Apex Group’s Maxwell Johnston: PE pause has opened up opportunities for strategics

'We have seen some PE investors "pause" activity, with this temporary hiatus creating new opportunities for strategic acquirers who are able to raise financing more efficiently given prior track records and relationships,' says Maxwell Johnston, head of M&A Apex Group.

Apex Group, a financial services provider backed by Genstar, TA Associates, Mubadala and Carlyle, says the tight macroeconomic environment has weighed heavily on dealflow recently. In the first half of 2023, Apex has done nine acquisitions in Europe, Africa and Brazil. Maxwell Johnston, head of M&A at the global financial services provider, told PE Hub in an interview that the second half of the year will be more busy.

What are you expecting in terms of dealflow in H2?

The first months of 2023 saw sustained – and surprisingly consistent – global M&A activity levels; however, as the crisis of confidence in the banking sector grew towards the end of Q1, financing conditions tightened, dampening asset valuations. In Q2, global M&A activity fell to its lowest level in a decade, as rising inflation, hikes in interest rates and fears of a recession dampened appetite for dealmaking.

Among the factors bolstering cautious optimism in M&A markets for the second half of 2023 is that we have seen an acceptance of the new valuations in this macro environment and a future path to normalizing monetary policy that is encouraging the opening of credit markets, even if only for short periods.

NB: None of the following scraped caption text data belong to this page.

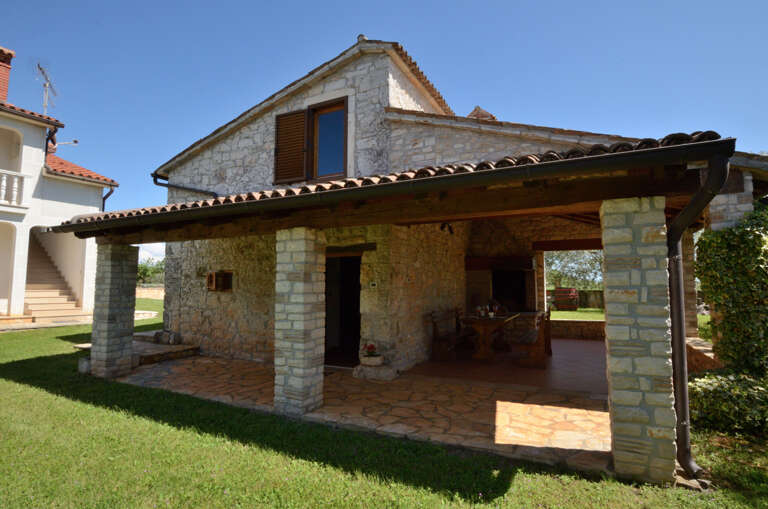 Lasici Home Rental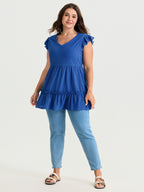 Textured Ruffled Hem V-Neck Knit Top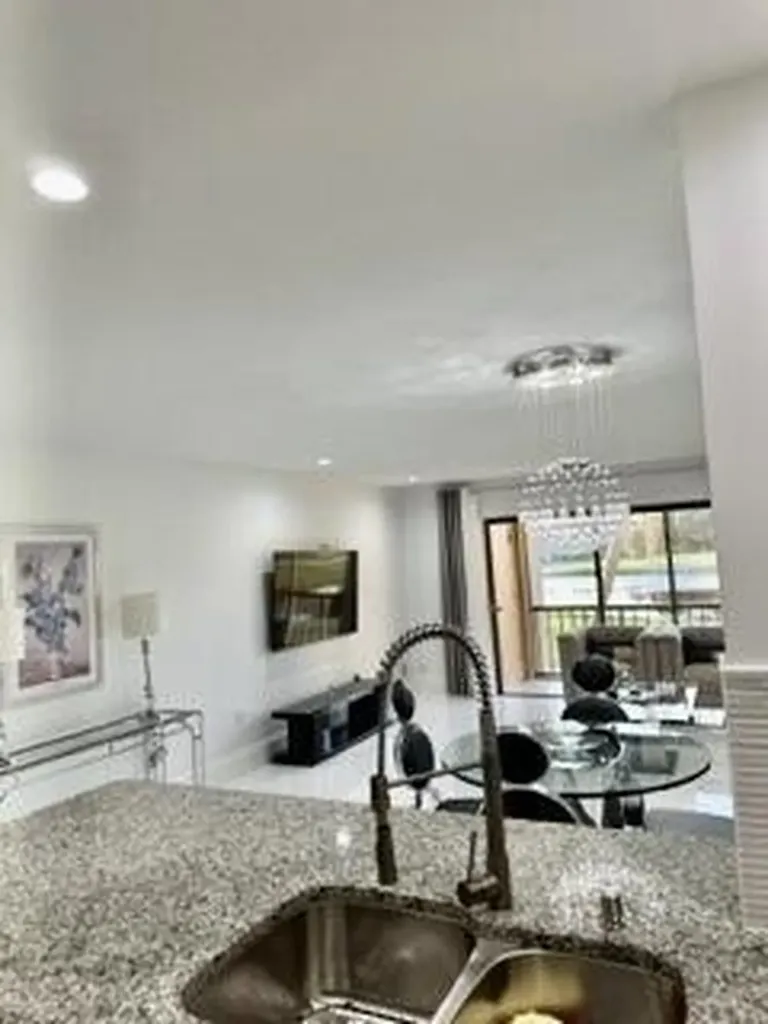 4657 S Fountains Drive Drive S Lake Worth FL 33467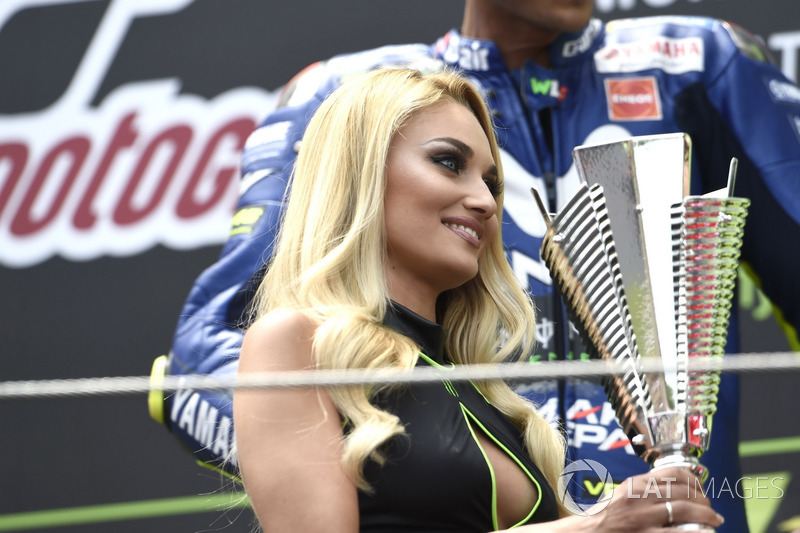 Podio: grid girl Monster
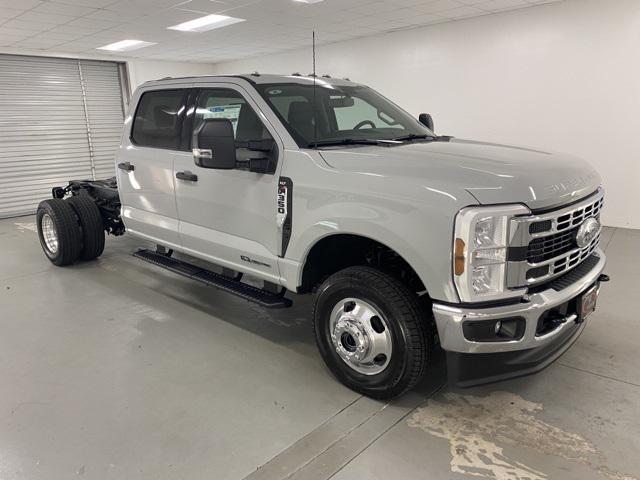 new 2025 Ford F-350 car, priced at $77,965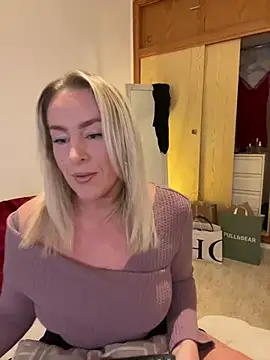 Snapshot of ChristyAdair chatting on December 24, 2024, 8:38 pm ChristyAdair online show from December 24, 2024, 8:38 pm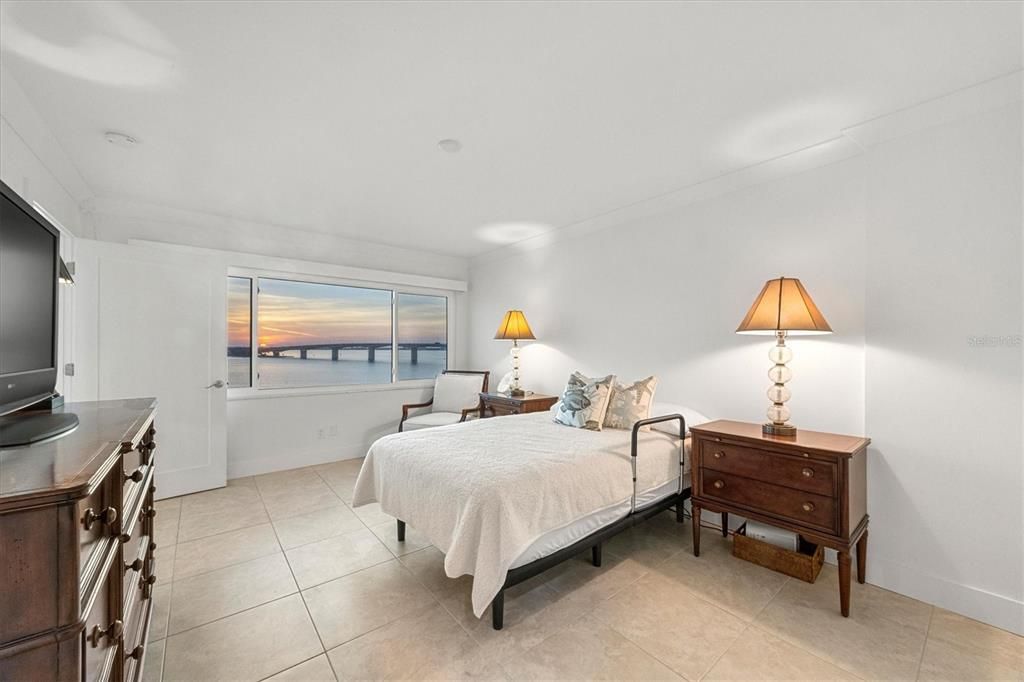 En Venta: $1,300,000 (2 camas, 2 baños, 1677 Pies cuadrados)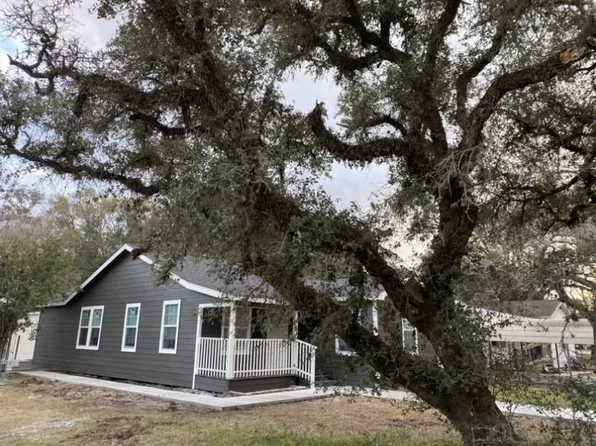 201 Mesquite St, Louise, TX 77455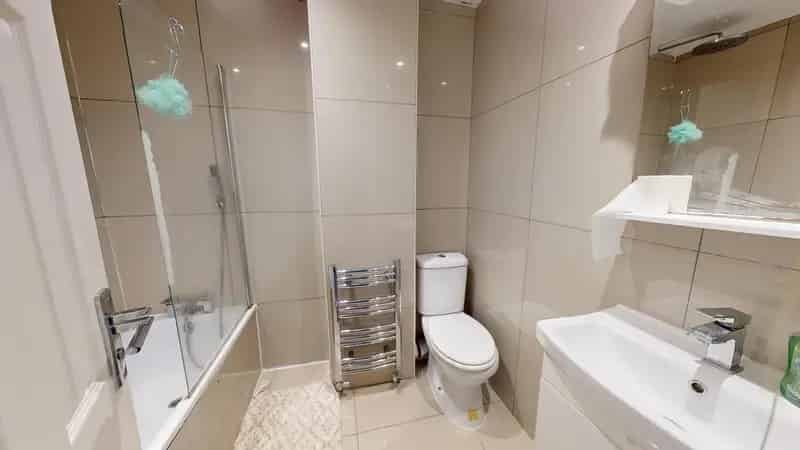 2 Bedroom Flat to Rent in Brighton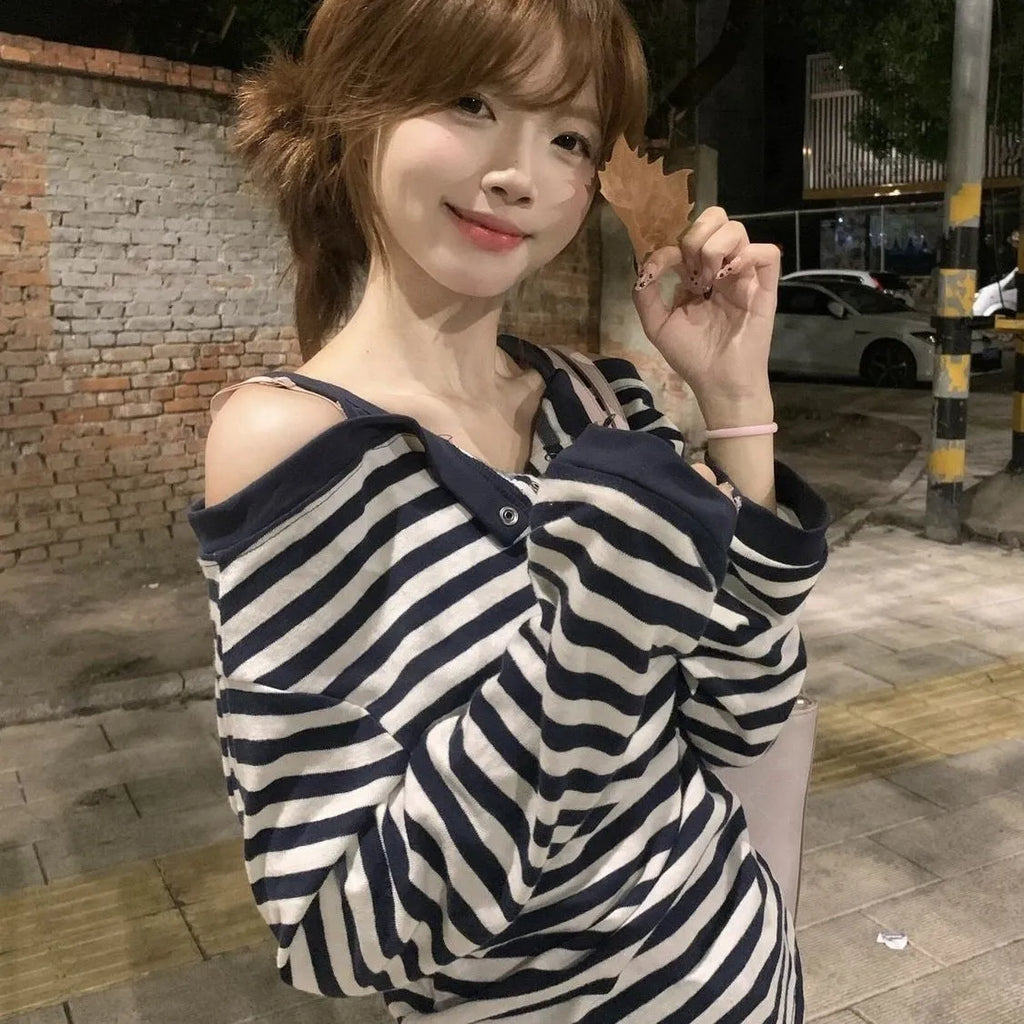 Dark blue Korean-style women's oversized long-sleeved t-shirt with striped patterns and embroidery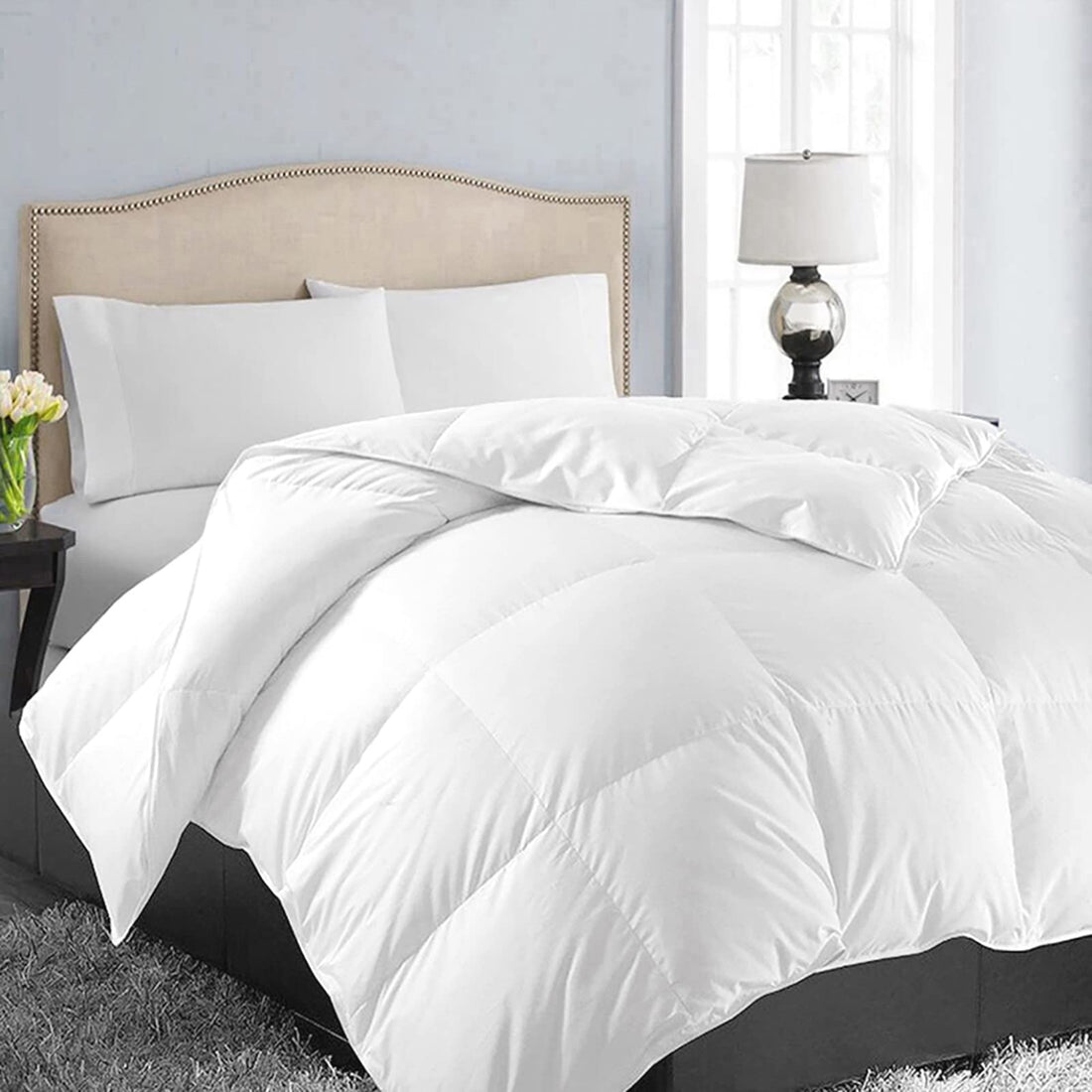 EASELAND Queen Comforter – White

Maxwell Johnston, Apex Group

We remain confident that M&A volumes will pick up in the second half of 2023, as in the current macro-economic environment – where opportunities for organic growth are potentially dampened – M&A activity can deliver not only growth and scale, but also access to new markets, products and technologies, which can benefit clients and offer a competitive advantage.

What are the key challenges for dealmakers in 2023, and how is Apex Group meeting them?

The M&A market had become accustomed to the low interest rate environment enabling acquirers to raise debt efficiently and be supported by the substantial amount of dry powder in the private markets.

Against the macroeconomic backdrop, we have seen that sale processes for assets have become more protracted – favoring strategic acquirers who are able to move quickly and have an established track record as a “known quantity” that reassures both debt and equity providers and provides much needed certainty.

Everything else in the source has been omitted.